++++ Supplied material
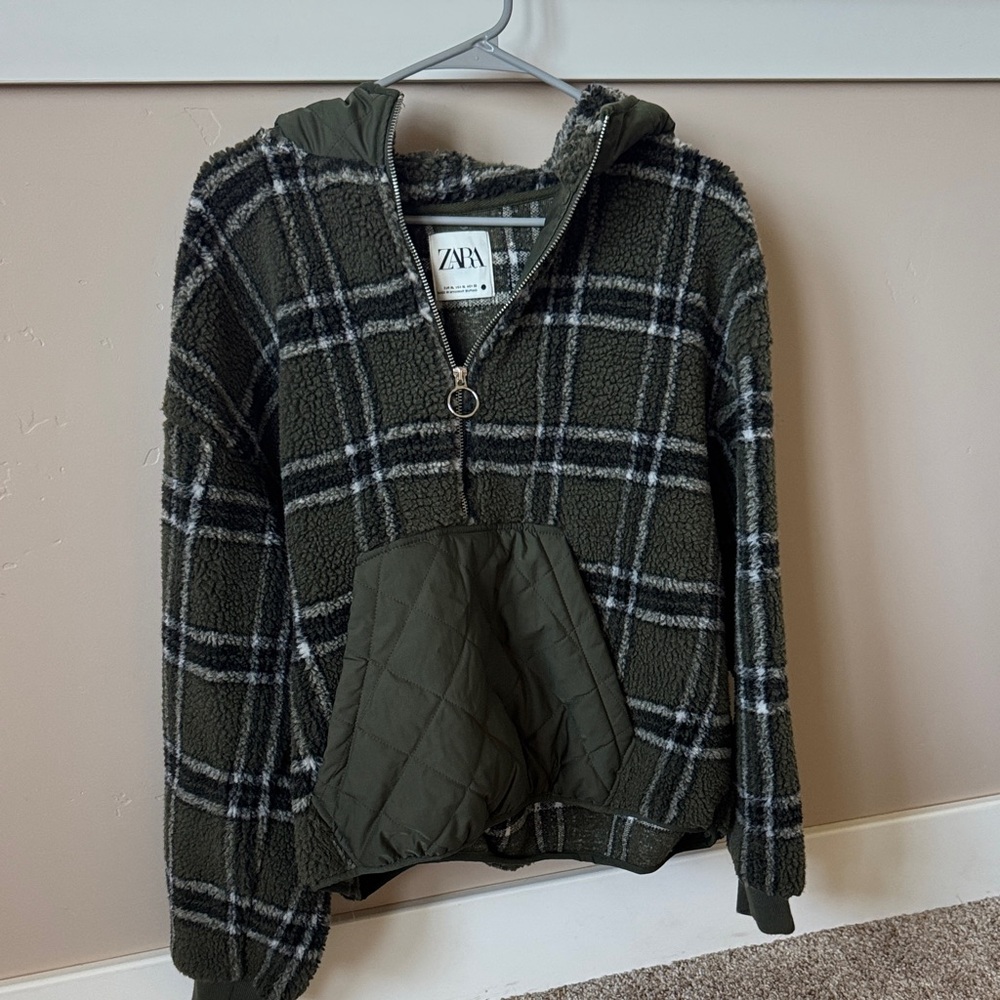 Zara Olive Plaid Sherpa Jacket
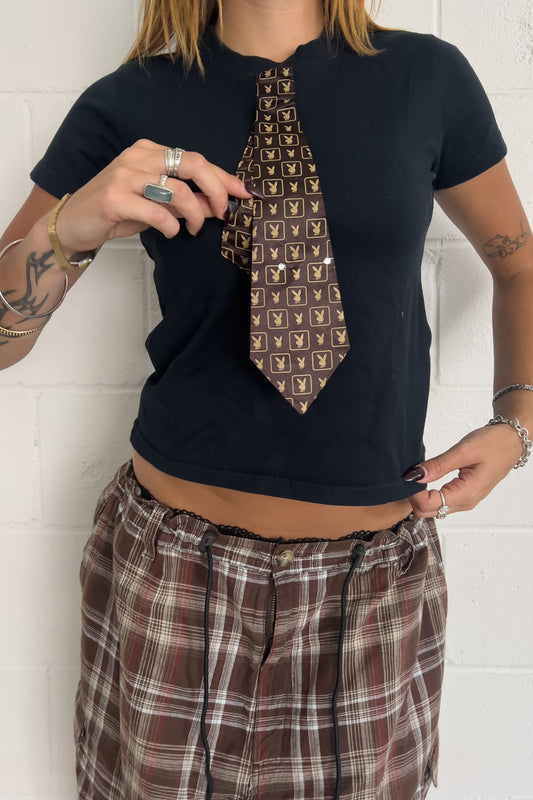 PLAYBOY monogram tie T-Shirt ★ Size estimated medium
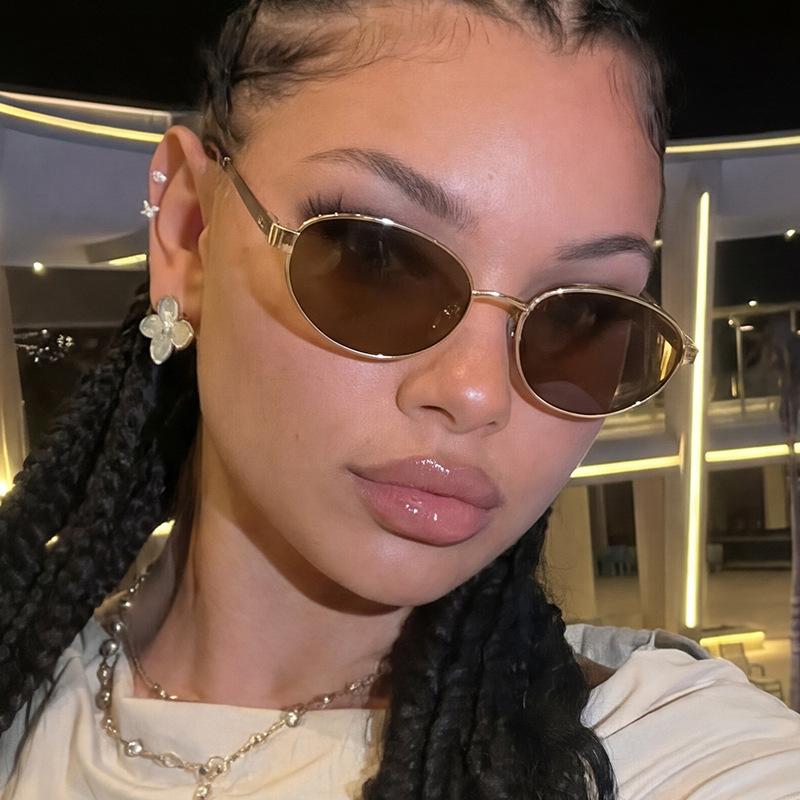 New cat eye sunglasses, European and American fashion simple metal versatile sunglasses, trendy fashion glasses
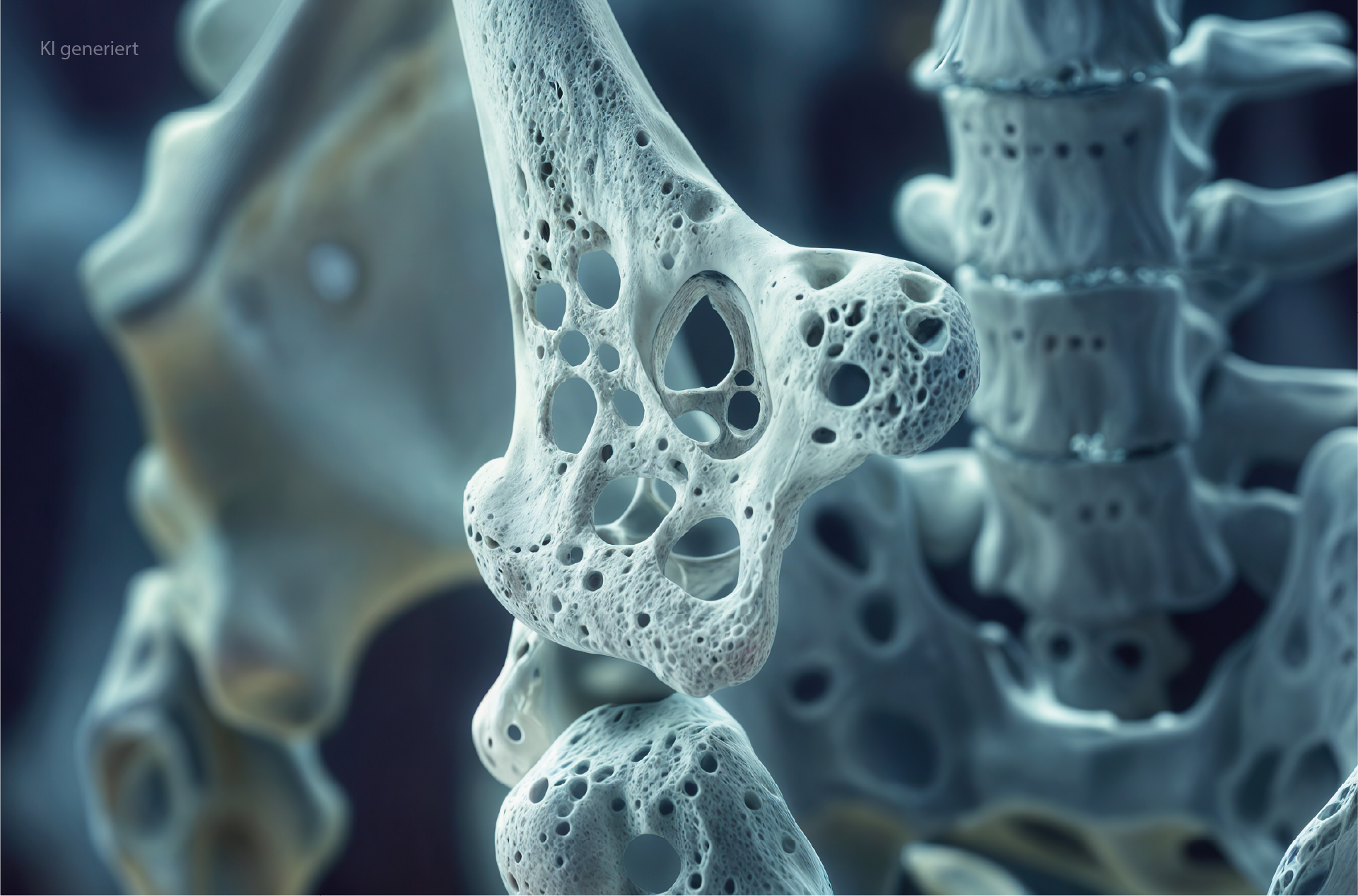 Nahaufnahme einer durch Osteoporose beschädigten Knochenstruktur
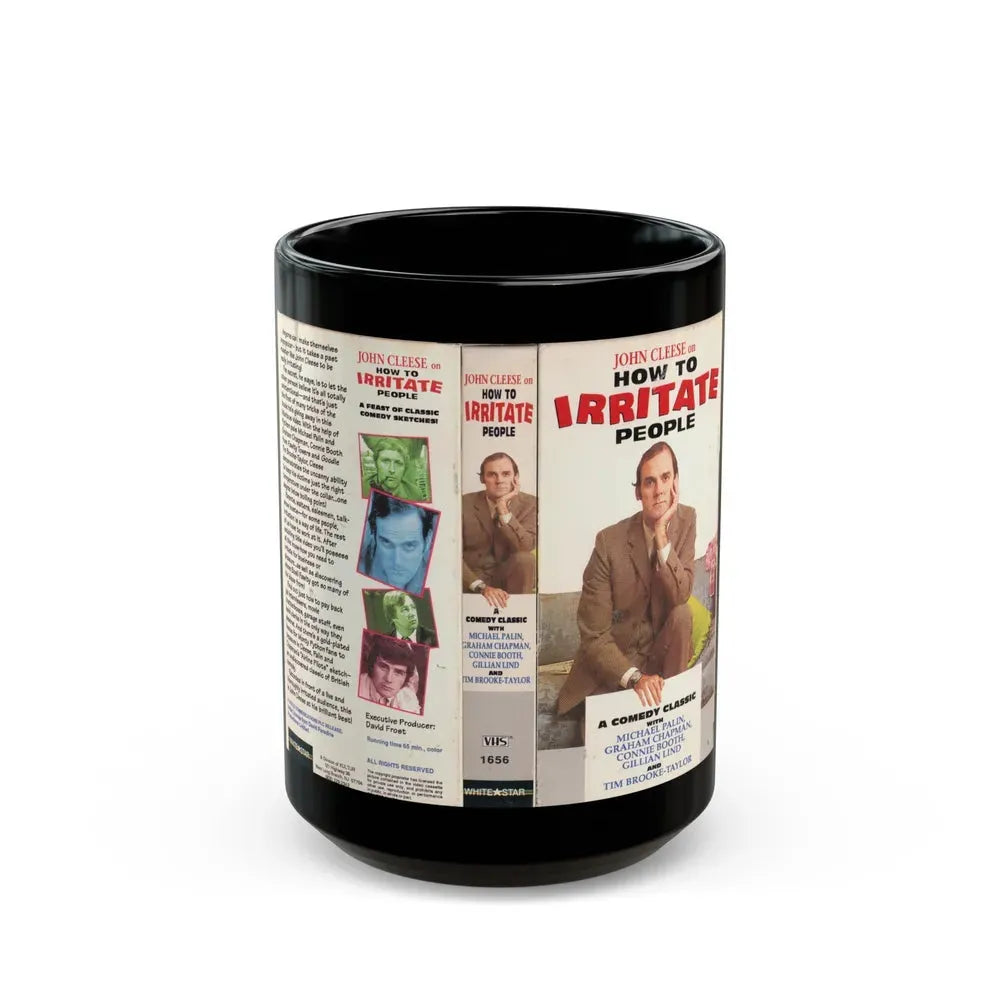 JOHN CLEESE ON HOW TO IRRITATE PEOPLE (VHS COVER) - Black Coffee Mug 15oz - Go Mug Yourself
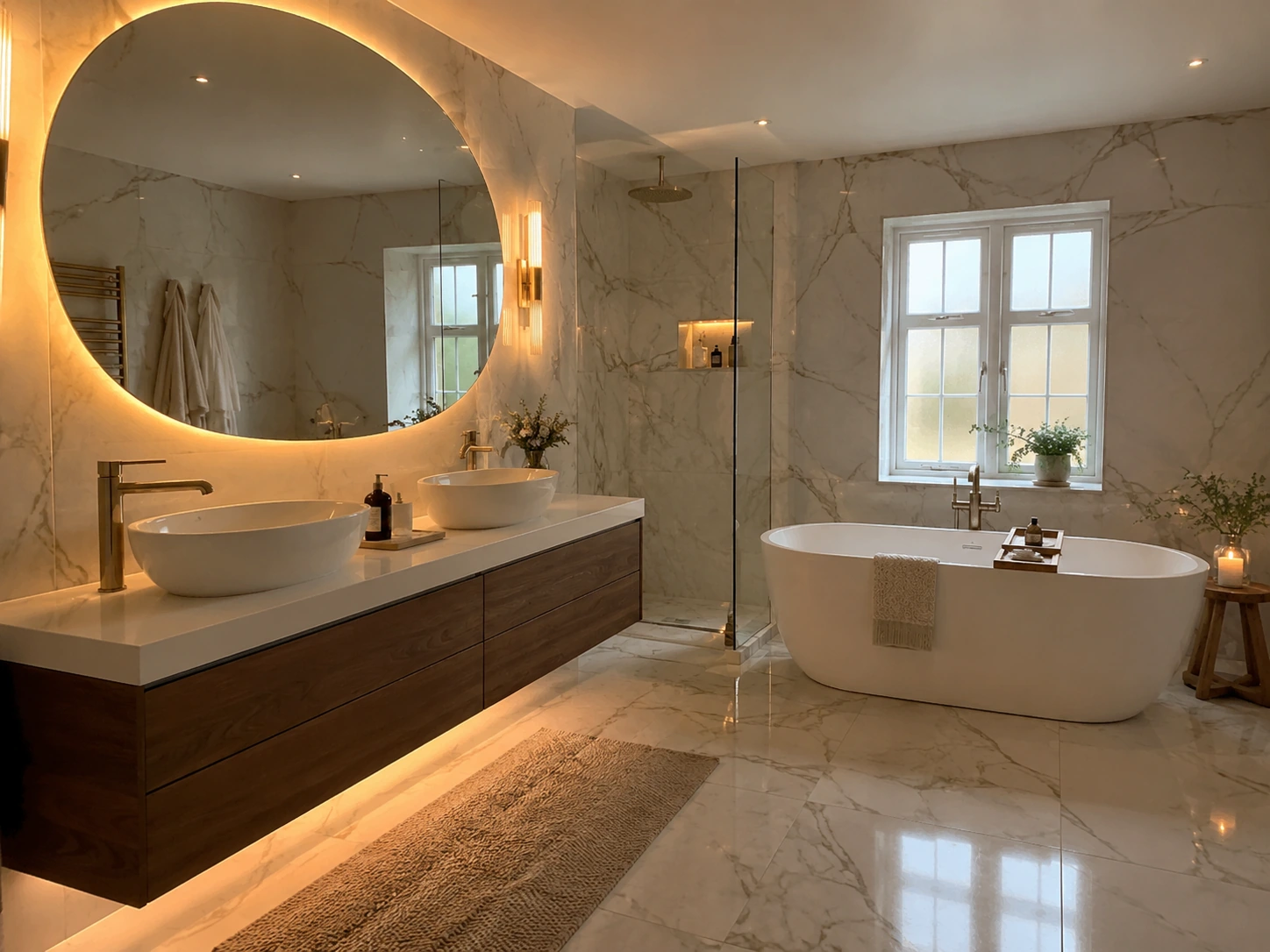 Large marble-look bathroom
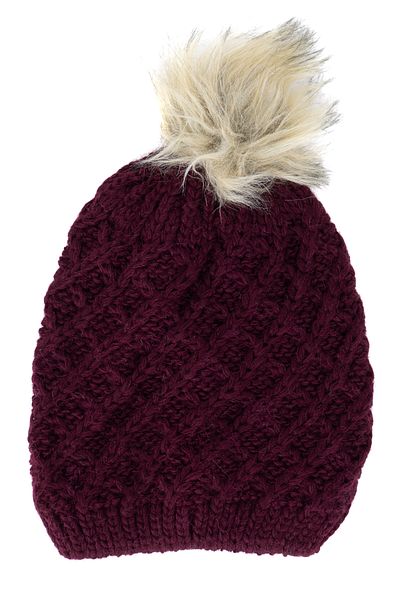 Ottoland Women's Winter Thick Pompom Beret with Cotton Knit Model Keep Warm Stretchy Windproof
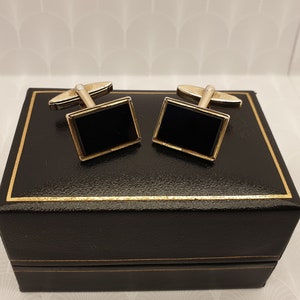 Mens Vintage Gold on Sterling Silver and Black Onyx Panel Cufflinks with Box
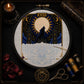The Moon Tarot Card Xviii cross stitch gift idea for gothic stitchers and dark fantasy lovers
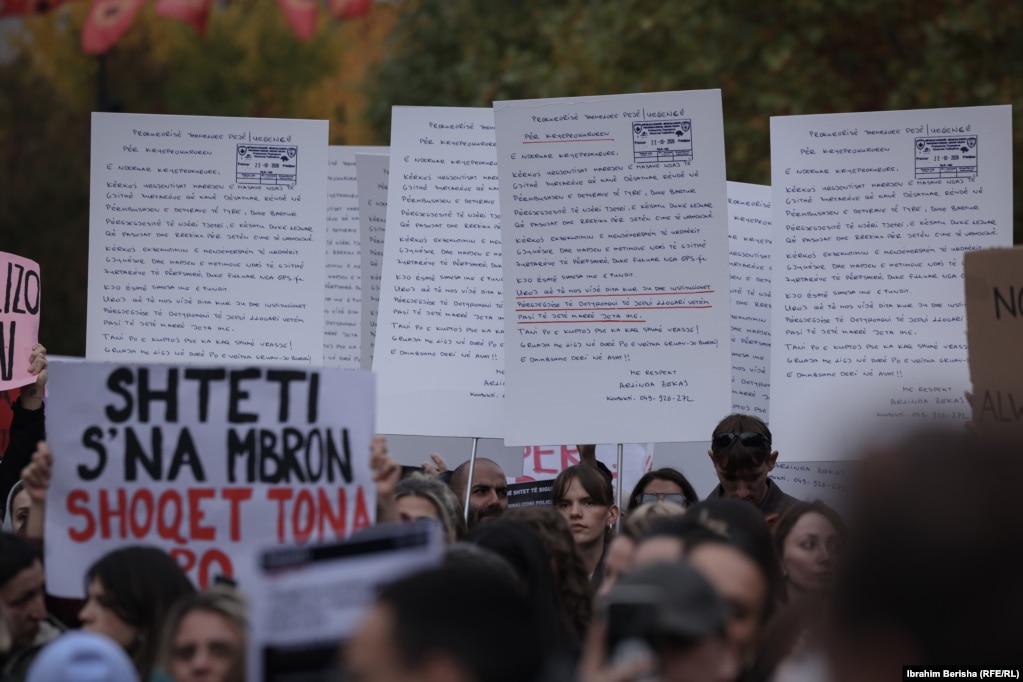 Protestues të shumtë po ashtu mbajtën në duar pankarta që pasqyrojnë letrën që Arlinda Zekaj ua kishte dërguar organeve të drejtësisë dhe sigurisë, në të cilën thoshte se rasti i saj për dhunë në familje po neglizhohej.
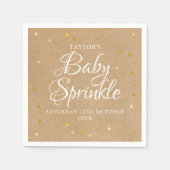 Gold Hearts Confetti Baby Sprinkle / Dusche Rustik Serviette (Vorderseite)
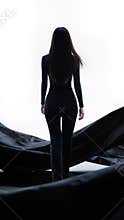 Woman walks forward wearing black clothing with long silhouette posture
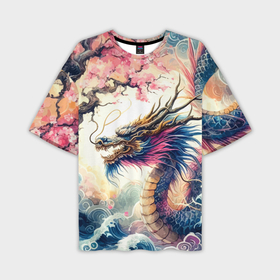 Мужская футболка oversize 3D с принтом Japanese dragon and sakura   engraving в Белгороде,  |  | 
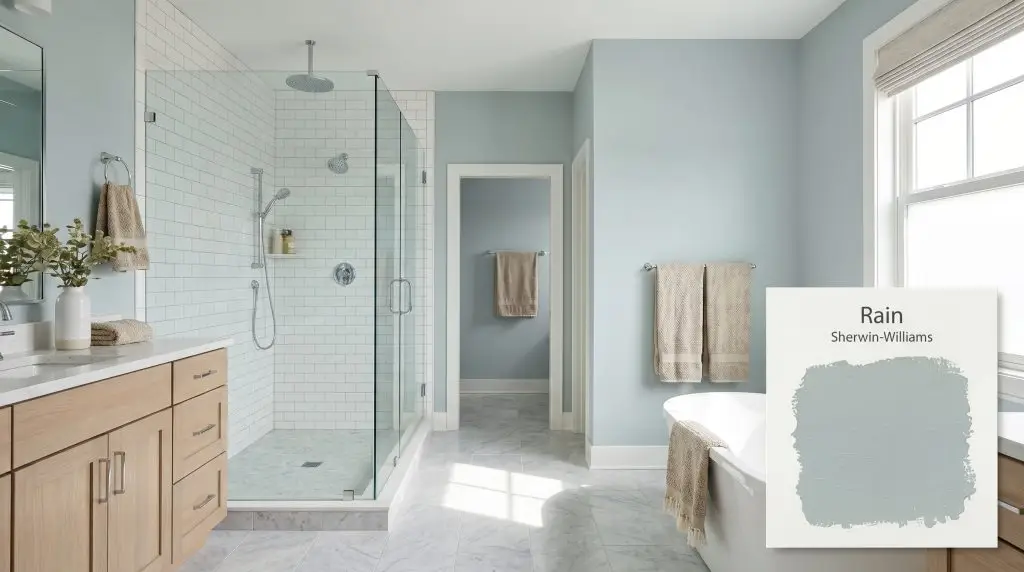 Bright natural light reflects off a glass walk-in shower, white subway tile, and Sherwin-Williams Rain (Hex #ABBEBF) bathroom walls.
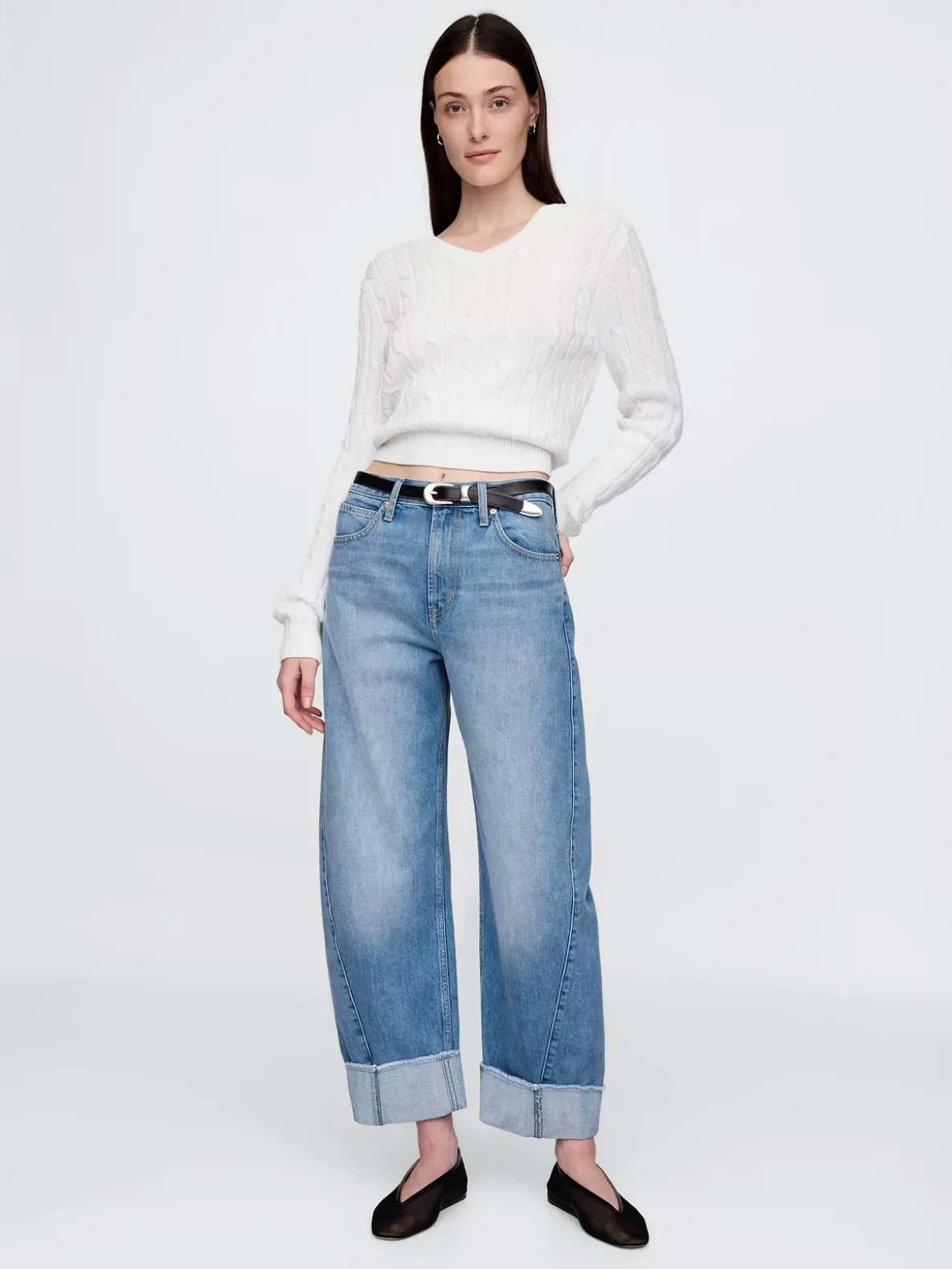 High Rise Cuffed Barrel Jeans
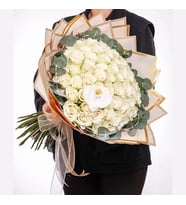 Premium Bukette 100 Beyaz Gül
++++++++
▶ Task item:
Give back only the lines from the one that carries "Gold Hearts Confetti" through the final line above, both included. Drop all pictures.

▶ Response:
 Gold Hearts Confetti Baby Sprinkle / Dusche Rustik Serviette (Vorderseite)
 Woman walks forward wearing black clothing with long silhouette posture
 Мужская футболка oversize 3D с принтом Japanese dragon and sakura   engraving в Белгороде,  |  | 
 Bright natural light reflects off a glass walk-in shower, white subway tile, and Sherwin-Williams Rain (Hex #ABBEBF) bathroom walls.
 High Rise Cuffed Barrel Jeans
 Premium Bukette 100 Beyaz Gül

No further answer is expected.